The report went on, surmising that:
“Almost certainly, whoever posted this was trying to prove a point about inserting something illegal into the blockchain, since that content can never be removed.”
Unless BSV network hard forks to revert such transactions, the illicit content will remain hosted by the blockchain, given its immutable nature.
As the platform’s spokesperson underscored:
“It is not possible to delete things from the blockchain. Block explorers have stopped showing the data in those transactions.”
BSV is a Bitcoin Cash hard fork created in November 2018 to dramatically increase the blockchain’s original block size in an effort to boost the network’s efficiency as usage increases over the years. These changes to the blockchain’s transactional data limits is what eventually enabled BSV users to store images and videos onto the network.
Addressing the current situation, Jimmy Nguyen, the CEO of nChain, the blockchain R&D firm behind the BSV protocol, stated that BSV is simply a data ledger like any other platform that stores data, and as such, there is always a possibility that it could be exploited to record illicit contents.

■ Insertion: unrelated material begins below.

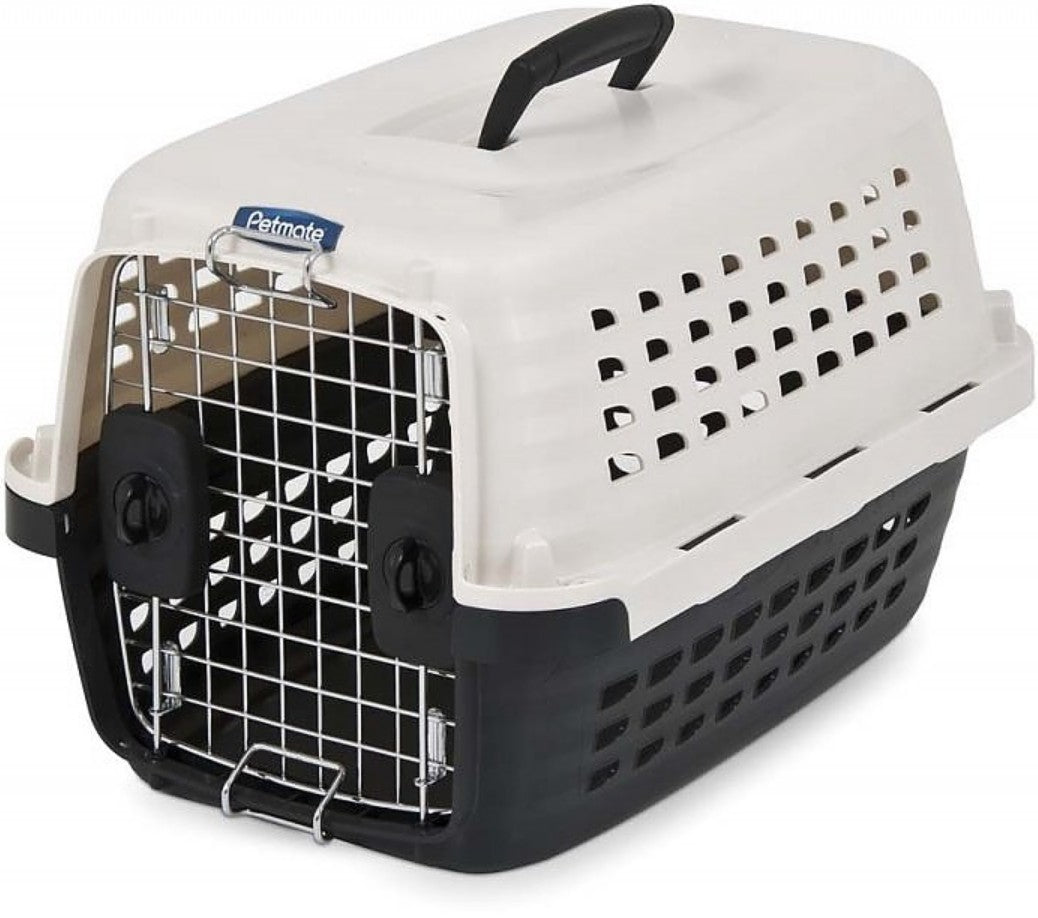 Small - 1 count Petmate Compass Kennel Metallic White and Black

As Nguyen emphasized in the report:
“This is nothing unique to BSV. The same is true for the internet, and is true for the Bitcoin, Bitcoin Cash, Ethereum, and other cryptocurrency networks – on which illegal content likely already lives. We of course do not encourage nor want illegal content on BSV or any technology platform.”
While BSV’s increase in transactional data limits may have led to the problem, Nguyen stressed that reducing the data limits on blockchain transactions is not the solution, adding that:
“The answer does not lie in limiting the data capacity of the platform. Instead, responsible service providers operating on the BSV blockchain will take measures to prevent writing to or reading from the blockchain any content that is illegal.”
The situation, as Nguyen further pointed out, goes against BSV’s original ethos which is to promote legally-compliant business activities. To that end, he warned that anyone thinking about storing illicit content on the network should “think twice” as such data are required to be digitally signed prior to its addition, adding that:
“Those digital signatures are admissible in courts of law to prove possession of illicit material and intent to distribute.”
If BSV is unable to revert back the network’s latest transactional data limits, it is up to the services that comprise BSV’s network to monitor and censor the entire blockchain, Nguyen concluded.
As Money button’s spokesperson told Hard Fork:
“Since we are a wallet that writes data to the blockchain and reads data from the blockchain, we can moderate our own service. Just because this data was written to an immutable blockchain does not mean we have to host that data, and doesn’t mean we have to allow more data like that to be written to the blockchain through our service.”
Echoing Nguyen’s view, the firm further stated that the blockchain’s immutability does not matter in such cases if there are enough firms working together to make it difficult to store such illicit content on the BSV network, with criminals having no one to write these such data for them.
As Money Button’s spokesperson went on adding:
“Even miners could refuse to mine this content, although more than likely they will not parse it and will end up pruning it simply for economic reasons, because the miners are not incentivized to store this data. If the criminals can’t find anybody to write it to the blockchain for them, then they could mine themselves, but they probably won’t bother.”